Back in 1996, the Flowering Tree Society of Palm Beach County partnered with FAU to bring a Flowering Tree Park to campus.

Not to be too hipster here but you've probably never heard of it. I've talked to a number of people about it trying to figure out what happened and nobody seems to know what I'm even talking about.

So I took some pictures for you guys. The Flowering Tree Park is on the very southeast portion of campus at the end of El Rio Trail. You can reach it from the University Village Apartments by heading south on the old paved path running through the "owl fields."

Entrance plaque...

...which you can see on the left. This is the formal entrance. You can see that nobody's been here for awhile.
Probably the only good path left there as overgrowth has reabsorbed everything. The park had all the makings for a great place, with defined edges and sign posts, but that has fallen to the wayside.

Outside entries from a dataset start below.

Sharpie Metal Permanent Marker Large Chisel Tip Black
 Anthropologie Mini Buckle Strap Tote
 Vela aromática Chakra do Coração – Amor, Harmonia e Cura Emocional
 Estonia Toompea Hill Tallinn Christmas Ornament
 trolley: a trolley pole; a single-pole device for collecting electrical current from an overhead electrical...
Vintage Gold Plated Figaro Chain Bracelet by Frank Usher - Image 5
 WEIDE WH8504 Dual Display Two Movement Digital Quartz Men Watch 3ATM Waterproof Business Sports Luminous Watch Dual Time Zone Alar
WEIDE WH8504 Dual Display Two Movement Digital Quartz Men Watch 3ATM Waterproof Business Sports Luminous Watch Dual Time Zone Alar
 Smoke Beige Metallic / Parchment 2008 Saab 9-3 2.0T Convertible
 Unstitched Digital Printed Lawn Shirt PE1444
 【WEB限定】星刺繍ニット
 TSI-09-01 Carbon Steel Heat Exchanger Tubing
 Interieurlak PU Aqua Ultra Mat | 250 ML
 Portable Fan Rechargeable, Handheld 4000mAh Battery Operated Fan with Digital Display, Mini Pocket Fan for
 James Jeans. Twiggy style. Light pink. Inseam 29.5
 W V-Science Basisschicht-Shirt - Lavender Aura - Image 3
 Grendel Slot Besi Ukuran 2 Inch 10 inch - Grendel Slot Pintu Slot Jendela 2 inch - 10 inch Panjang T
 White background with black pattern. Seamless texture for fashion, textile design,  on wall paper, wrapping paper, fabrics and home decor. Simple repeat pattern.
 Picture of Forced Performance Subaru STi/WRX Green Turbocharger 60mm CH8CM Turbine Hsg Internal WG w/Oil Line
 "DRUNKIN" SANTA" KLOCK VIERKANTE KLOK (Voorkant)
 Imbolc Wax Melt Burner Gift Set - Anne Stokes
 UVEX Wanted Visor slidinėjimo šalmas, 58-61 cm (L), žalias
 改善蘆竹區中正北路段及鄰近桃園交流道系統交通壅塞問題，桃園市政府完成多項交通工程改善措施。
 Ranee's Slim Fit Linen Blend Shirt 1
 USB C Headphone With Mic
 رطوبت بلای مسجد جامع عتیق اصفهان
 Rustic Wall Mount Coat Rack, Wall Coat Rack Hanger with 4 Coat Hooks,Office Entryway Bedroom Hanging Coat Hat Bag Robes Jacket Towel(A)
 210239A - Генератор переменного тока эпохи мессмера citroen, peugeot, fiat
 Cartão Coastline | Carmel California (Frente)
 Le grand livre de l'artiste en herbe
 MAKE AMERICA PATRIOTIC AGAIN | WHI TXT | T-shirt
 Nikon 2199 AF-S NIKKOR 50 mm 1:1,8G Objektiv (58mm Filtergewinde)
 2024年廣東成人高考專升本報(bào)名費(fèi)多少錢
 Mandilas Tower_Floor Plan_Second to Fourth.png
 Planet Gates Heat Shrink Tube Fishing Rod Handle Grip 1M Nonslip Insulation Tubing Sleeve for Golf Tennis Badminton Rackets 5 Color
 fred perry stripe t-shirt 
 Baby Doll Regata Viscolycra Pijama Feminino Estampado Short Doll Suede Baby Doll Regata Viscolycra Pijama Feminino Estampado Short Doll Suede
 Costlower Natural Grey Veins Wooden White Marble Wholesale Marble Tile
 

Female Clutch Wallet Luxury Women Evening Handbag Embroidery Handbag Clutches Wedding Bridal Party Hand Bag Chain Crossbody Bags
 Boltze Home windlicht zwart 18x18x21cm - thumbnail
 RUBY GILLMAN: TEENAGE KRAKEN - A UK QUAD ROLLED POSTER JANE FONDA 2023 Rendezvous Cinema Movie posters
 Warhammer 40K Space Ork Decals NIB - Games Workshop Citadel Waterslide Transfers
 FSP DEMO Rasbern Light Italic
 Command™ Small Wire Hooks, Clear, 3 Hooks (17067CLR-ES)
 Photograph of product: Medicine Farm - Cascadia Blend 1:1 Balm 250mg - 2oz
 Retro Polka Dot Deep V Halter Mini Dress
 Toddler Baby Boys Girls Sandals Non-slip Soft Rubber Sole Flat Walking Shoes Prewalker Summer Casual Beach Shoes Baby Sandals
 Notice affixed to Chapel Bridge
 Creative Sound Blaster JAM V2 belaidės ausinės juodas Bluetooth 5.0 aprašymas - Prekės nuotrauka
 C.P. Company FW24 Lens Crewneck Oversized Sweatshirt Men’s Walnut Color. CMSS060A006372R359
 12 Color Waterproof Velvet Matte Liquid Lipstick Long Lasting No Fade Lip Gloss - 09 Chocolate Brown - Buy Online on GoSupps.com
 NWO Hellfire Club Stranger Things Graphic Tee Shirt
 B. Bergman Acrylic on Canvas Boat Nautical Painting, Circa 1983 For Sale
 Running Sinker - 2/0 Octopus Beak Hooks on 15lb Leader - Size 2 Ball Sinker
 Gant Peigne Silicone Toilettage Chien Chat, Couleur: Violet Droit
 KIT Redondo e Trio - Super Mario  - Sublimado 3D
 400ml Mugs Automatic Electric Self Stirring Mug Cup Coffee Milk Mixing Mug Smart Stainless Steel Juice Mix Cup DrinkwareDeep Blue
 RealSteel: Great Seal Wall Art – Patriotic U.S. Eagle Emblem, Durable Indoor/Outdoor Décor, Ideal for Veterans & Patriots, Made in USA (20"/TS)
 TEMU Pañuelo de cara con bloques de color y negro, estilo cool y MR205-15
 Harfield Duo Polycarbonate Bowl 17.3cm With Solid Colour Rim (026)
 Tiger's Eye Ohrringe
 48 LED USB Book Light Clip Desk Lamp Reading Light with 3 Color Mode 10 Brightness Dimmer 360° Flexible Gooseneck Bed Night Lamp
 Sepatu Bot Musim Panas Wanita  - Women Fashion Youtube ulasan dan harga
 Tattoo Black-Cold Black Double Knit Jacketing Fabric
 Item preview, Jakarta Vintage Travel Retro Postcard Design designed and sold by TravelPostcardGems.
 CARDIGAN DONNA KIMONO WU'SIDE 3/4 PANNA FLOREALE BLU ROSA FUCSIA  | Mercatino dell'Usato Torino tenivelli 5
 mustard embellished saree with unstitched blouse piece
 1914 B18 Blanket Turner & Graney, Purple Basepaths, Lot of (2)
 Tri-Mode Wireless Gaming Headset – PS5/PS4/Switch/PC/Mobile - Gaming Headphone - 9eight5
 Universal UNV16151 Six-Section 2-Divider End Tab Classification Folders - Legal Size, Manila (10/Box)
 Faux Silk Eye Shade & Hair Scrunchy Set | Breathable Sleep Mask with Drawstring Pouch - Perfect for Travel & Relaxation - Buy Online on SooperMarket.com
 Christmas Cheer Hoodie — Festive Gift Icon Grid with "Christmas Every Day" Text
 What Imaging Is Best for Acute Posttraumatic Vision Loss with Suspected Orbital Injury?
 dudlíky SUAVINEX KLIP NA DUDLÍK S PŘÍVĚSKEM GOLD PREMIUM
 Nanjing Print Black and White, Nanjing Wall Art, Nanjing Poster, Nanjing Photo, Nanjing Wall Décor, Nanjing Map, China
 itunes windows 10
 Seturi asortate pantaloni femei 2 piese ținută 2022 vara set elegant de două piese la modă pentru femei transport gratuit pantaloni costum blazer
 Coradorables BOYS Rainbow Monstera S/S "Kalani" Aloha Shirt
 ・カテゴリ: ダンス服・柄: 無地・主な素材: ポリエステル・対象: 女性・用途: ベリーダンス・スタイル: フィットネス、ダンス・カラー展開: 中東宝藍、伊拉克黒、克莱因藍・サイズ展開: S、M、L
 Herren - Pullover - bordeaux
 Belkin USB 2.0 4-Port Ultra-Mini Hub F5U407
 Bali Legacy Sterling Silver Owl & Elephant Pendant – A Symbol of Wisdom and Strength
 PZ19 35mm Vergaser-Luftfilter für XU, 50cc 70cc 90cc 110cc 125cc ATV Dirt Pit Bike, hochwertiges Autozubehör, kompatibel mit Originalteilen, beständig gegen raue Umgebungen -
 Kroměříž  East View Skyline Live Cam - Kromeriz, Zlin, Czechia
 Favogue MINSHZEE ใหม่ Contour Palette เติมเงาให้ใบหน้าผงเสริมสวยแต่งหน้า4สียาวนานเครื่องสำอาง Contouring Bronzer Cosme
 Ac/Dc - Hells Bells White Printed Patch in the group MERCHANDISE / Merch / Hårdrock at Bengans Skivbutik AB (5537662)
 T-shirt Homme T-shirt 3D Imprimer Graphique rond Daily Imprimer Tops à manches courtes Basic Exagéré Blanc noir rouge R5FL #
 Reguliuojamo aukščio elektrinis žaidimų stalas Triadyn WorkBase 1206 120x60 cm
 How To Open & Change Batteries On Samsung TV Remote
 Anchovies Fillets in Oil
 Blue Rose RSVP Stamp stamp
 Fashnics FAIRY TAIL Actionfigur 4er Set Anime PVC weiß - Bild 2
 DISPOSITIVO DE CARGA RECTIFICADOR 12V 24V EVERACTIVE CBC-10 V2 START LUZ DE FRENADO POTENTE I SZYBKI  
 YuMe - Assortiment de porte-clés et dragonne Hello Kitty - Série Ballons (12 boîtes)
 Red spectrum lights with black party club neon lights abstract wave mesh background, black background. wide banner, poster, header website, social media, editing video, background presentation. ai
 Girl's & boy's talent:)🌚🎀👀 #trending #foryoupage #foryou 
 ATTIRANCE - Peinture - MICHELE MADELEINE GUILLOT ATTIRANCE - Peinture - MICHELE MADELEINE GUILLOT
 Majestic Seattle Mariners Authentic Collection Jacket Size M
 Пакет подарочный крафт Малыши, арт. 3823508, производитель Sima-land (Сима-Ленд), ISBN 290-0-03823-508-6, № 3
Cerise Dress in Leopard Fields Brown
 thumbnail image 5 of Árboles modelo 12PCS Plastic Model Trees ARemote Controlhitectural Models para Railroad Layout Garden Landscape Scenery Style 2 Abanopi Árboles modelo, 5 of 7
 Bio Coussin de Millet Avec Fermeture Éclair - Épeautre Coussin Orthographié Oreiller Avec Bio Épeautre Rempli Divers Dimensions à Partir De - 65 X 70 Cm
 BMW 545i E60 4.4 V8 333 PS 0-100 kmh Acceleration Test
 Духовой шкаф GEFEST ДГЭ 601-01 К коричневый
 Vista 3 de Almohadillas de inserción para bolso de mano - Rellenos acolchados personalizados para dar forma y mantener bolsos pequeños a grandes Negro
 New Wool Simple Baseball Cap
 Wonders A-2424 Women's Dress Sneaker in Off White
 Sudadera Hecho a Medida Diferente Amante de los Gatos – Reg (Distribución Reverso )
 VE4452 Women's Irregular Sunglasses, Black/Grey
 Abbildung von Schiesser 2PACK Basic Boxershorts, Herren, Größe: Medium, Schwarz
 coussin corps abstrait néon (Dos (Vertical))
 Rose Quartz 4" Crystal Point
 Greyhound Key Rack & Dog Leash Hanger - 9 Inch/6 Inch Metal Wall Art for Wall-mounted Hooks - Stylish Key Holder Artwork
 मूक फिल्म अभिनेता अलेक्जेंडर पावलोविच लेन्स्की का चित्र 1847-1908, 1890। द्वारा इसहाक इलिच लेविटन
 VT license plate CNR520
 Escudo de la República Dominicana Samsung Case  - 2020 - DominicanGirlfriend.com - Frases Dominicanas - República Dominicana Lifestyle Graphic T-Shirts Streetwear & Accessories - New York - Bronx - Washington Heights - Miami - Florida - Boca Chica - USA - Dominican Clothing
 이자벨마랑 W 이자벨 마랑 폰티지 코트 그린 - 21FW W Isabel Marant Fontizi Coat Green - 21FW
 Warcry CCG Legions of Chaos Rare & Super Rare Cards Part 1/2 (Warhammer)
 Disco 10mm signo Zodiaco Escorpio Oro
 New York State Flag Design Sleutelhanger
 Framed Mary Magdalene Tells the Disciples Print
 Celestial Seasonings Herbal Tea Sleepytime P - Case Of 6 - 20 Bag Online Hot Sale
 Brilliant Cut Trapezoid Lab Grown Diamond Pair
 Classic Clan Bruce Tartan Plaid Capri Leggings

Most of the paths don't look like this anymore. They're congested with fallen branches, spiderwebs, weeds and more. Had I not discovered this place years ago and saw what it used to look like, I wouldn't even be sure there WERE paths.

The original intention would be to separate the park as gardens by seasons so you'd understand why some were blooming at a particular time and others were not.
They were working on an irrigation system. Not sure if it still works.
Some flowers have managed to survive in this wilderness!
Around one side of the park is an FAU signature banyan tree that's sort of grown around itself and created a cavernous interior. It's kind of cool. on the other side of this tree is a rest area for El Rio Trail bikers/joggers with a picnic table.
It's not even represented on the El Rio Trail sign that's right next to it.
I've sent an email off to SEEDS, the student organization building the Tortuga Trail, to see what they know about it and if there's anything they can do to give it a new life again. A little mulch, a few signs, some benches... it could be a very nice place, a little slice of Eden right there on the corner of campus.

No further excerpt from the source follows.